I’ve found mention of 100 million items and 10 million words unless I have a “fast” computer with a lot of RAM. I’m purchasing a new Mac Pro with 128GB RAM (Apple’s BTO max is 64GB, but OWC/MacSales sells a 128GB upgrade).

Can DTPO take advantage of a large number of cores/threads? If it can, I’ll purchase the 12 core/24 thread version. If not, I’ll get the quad-core.

Does DTPO or the OCR feature use OpenCL? If so, I’ll get the D700 GPU’s; if not, I won’t.

I plan to store the database on a Thunderbolt2-attached SSD RAID external NAS. Does DTPO require much/any space on the system/boot drive? I’m planning to get the 256GB internal drive. DTPO will be the only application installed, so 200GB will be sitting there idle.

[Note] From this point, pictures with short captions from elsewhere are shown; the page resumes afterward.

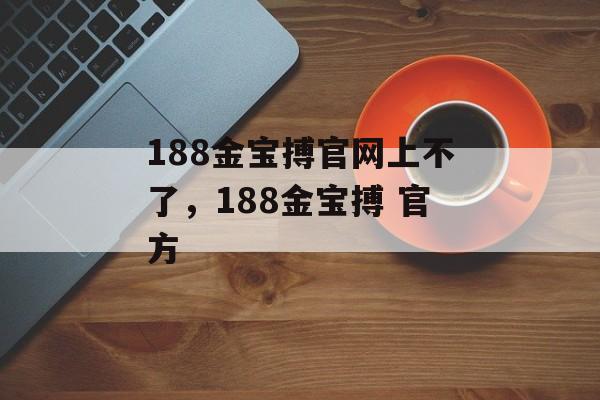 188金宝搏官网上不了，188金宝搏 官方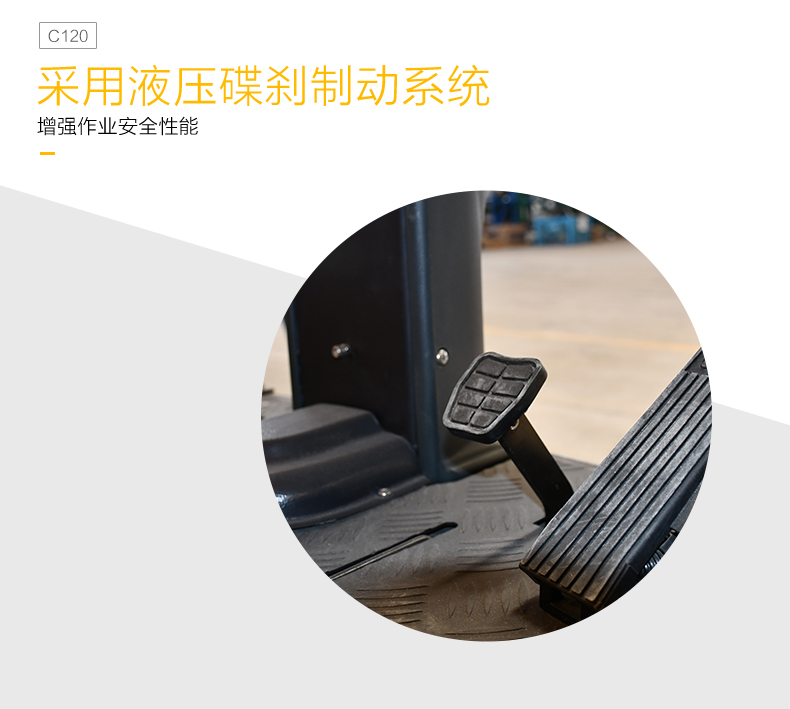 1724720599423269.jpg C120_09.jpg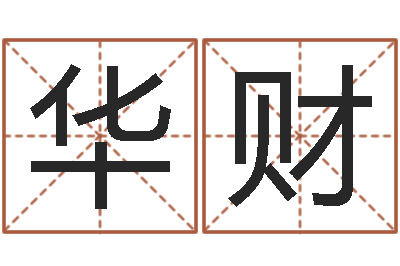 黄华财圣命书-宝宝取名软件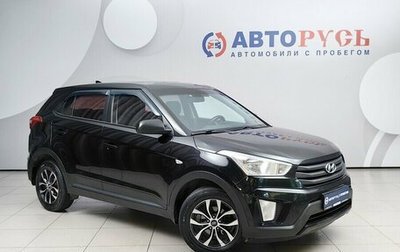 Hyundai Creta I рестайлинг, 2016 год, 1 238 000 рублей, 1 фотография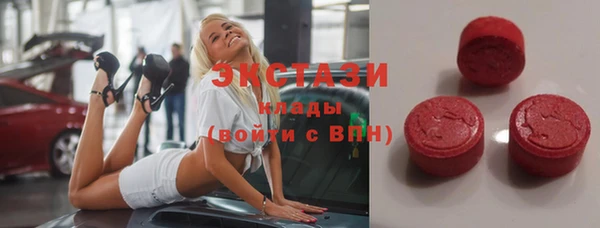 эйфоретик Верхний Тагил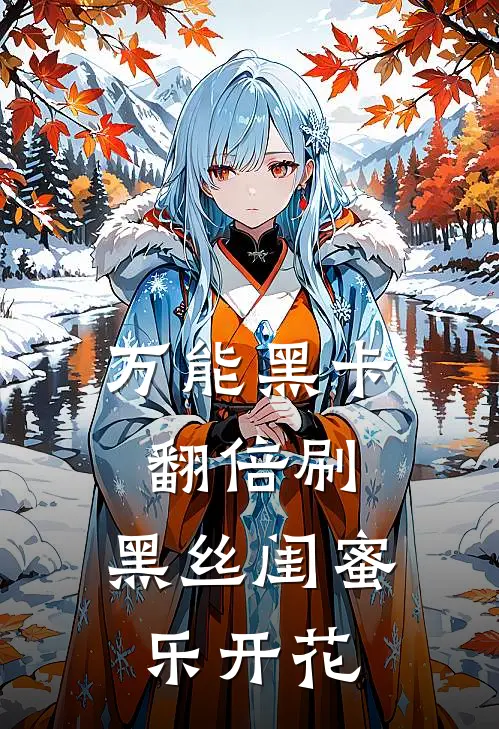 万能黑卡翻倍刷，黑丝闺蜜乐开花陈克岳霖最新免费小说_免费完本小说万能黑卡翻倍刷，黑丝闺蜜乐开花陈克岳霖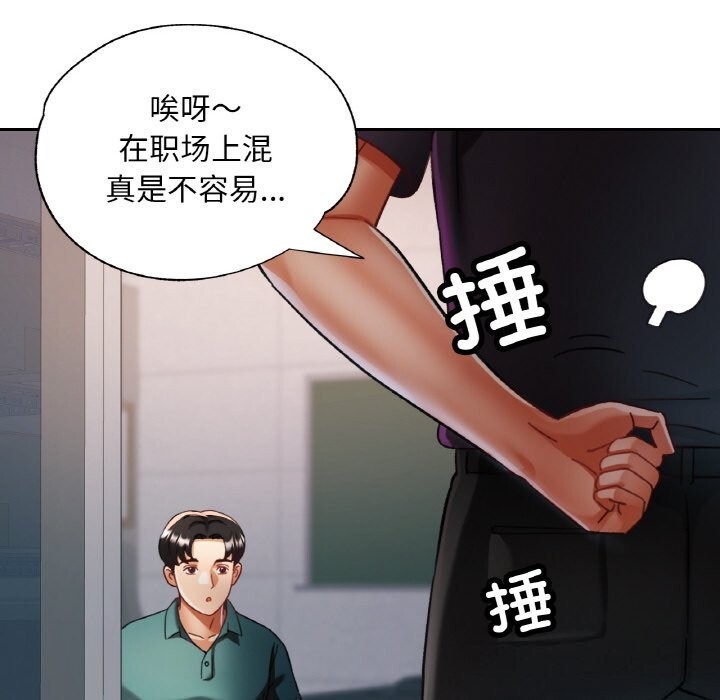 《已嫁人的她》漫画 第15話
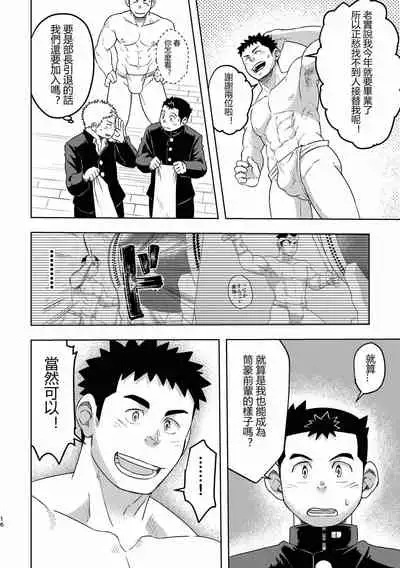 Mouhou Gakuen Dentou Geinoubu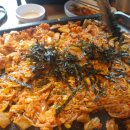 꿀돼지대패삼겹살 이미지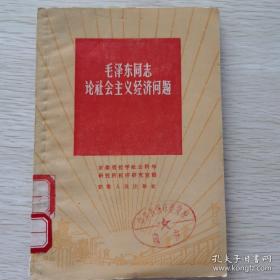 《毛泽东同志论社会主义经济问题》馆藏书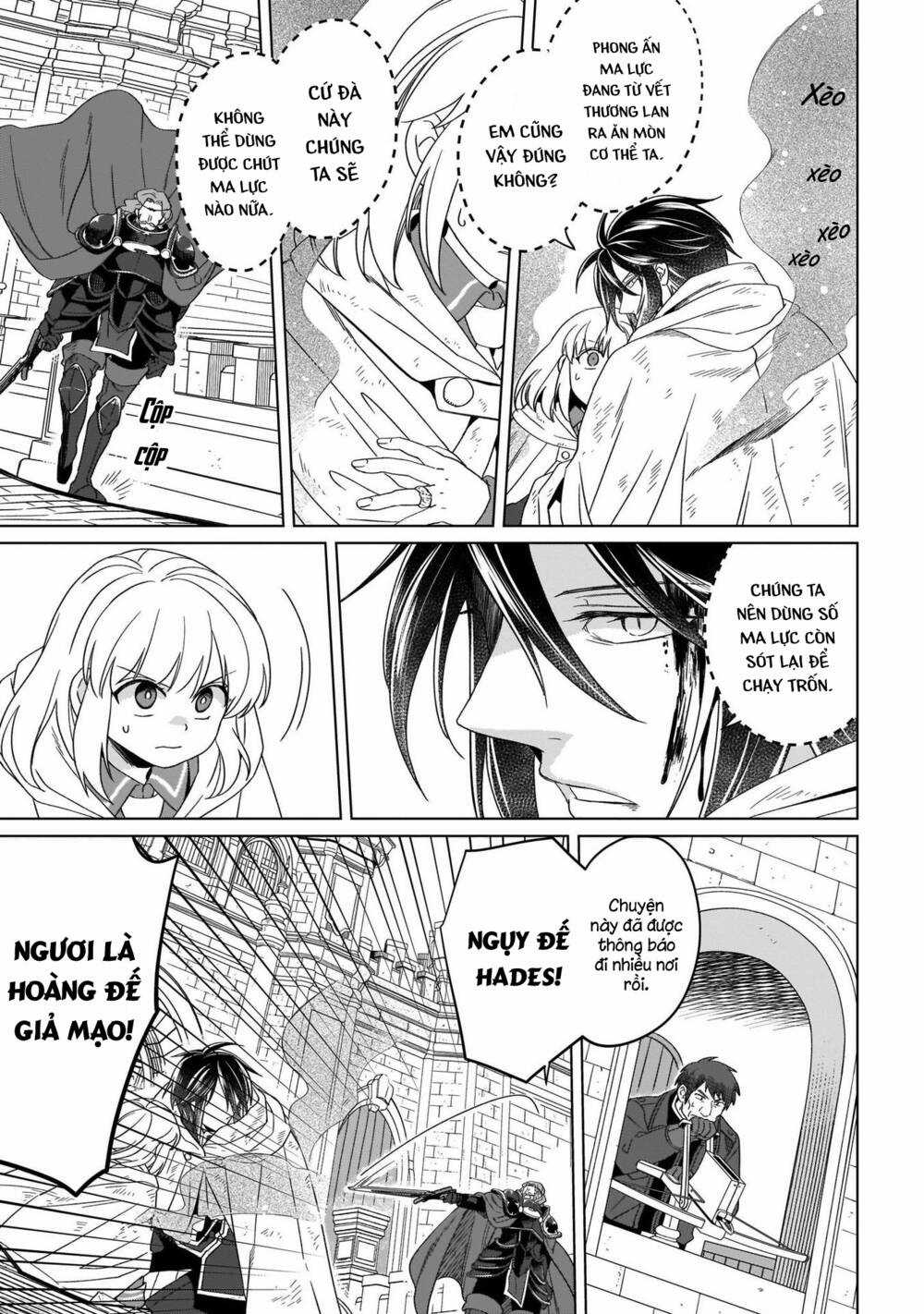 Win Over The Dragon Emperor This Time Around, Noble Girl! Chapter 16 trang 44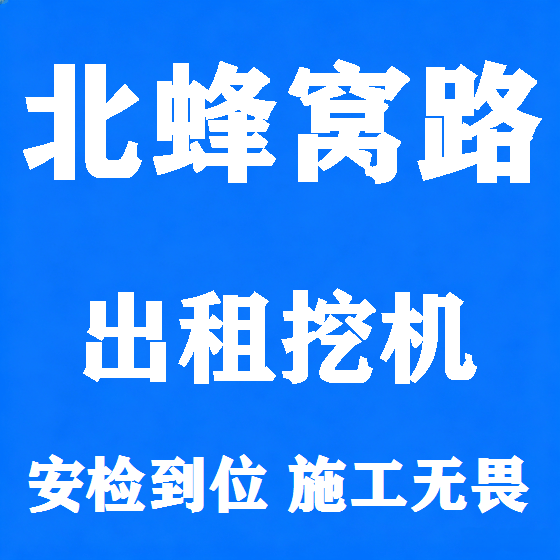 北京北蜂窝路挖机租赁图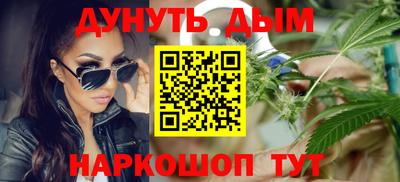 стаф Будённовск
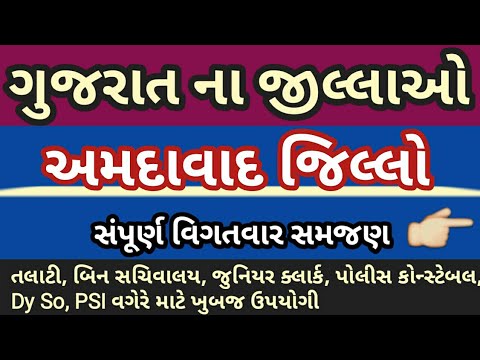 ગુજરાત ના જિલ્લાઓ- અમદાવાદ | Gujarat na jilla | District of Gujarat Ahemdabad Video
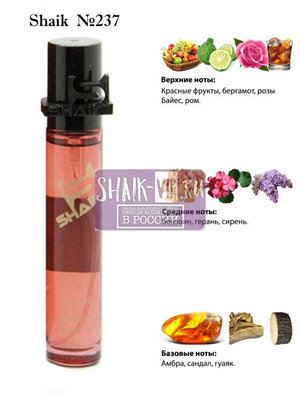  Shaik SHAIK /    237 Lion Special 20 . ()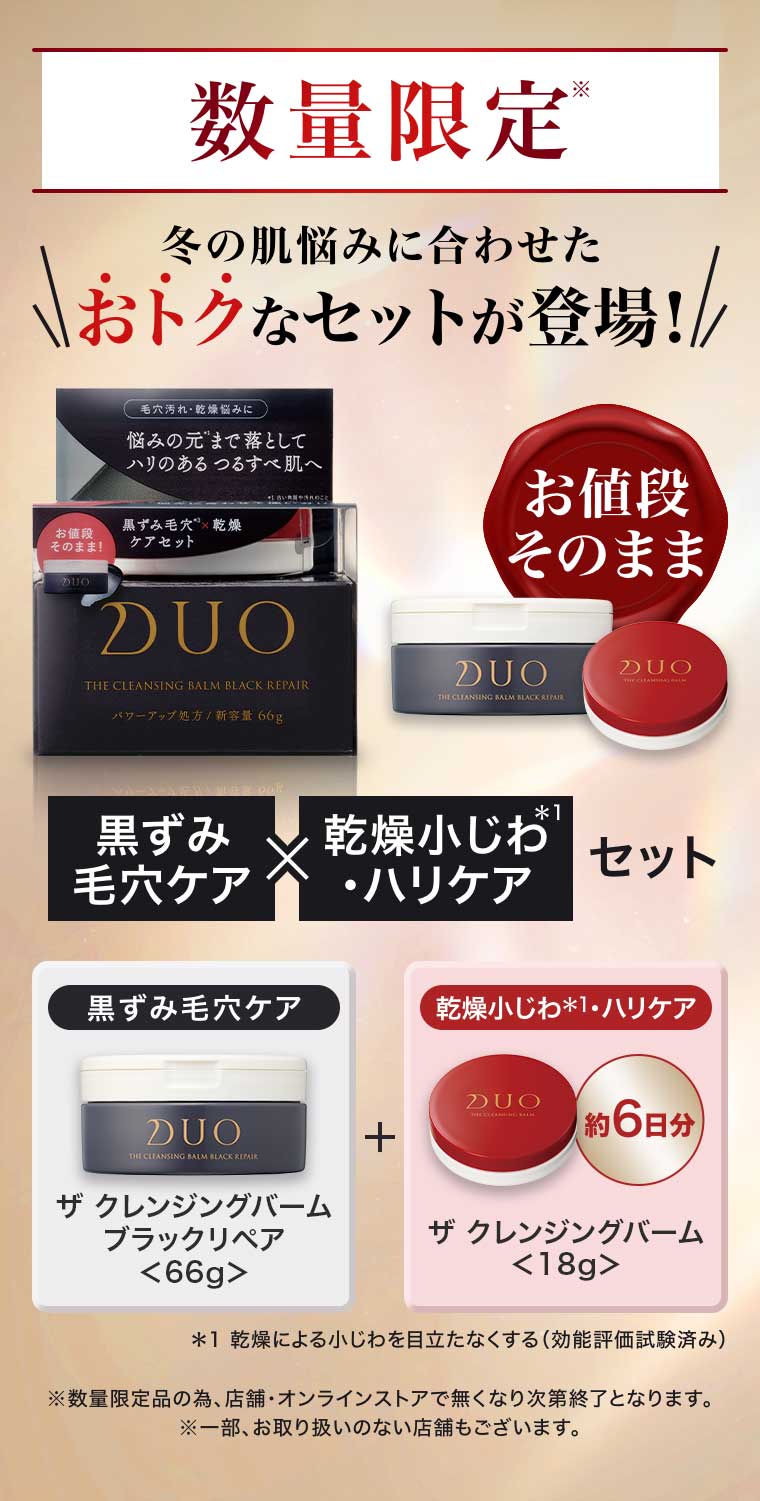 数量限定 冬の肌悩みに合わせたおトクなセットが登場!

If DTPO can make use of it, I’ll upgrade to the 1TB. Are there temporary files or swap files that can make use of the boot drive?

Is there any way to calculate the impact of a large PDF and/or items in a database? For example, for each 1000 unique words in a PDF, you should have 1MB of RAM; for each 1000 items or tags, you should have another 1 MB of RAM.

Are there any options I can tweak or suggestions on how I can best configure DTPO for maximum performance on large databases?

Finally, how many connections does the DTPO web server handle? I’d like to put the Mac Pro in our server room and access it from my desk, or over screen sharing. Is it safe to share my password with my coworkers so they can access my database too, or is that pushing it? I know it’s not multi-user, but if they try to access it while I’m doing something, will their login be rejected or will I lose data/get disconnected?

Usually up to 300 thousand items and up to 300 million words per database should be okay.

Support for multiple cores is currently quite limited, therefore the quad-core should be sufficient.


Only the application, the OCR resources and the global inbox have to be located on the startup volume, all other databases can be located anywhere.

The performance should be usually only limited by the network and therefore several users should be able to access it concurrently.

Everything should be fine as long as they’re not deleting/modifying the file you’re currently working on.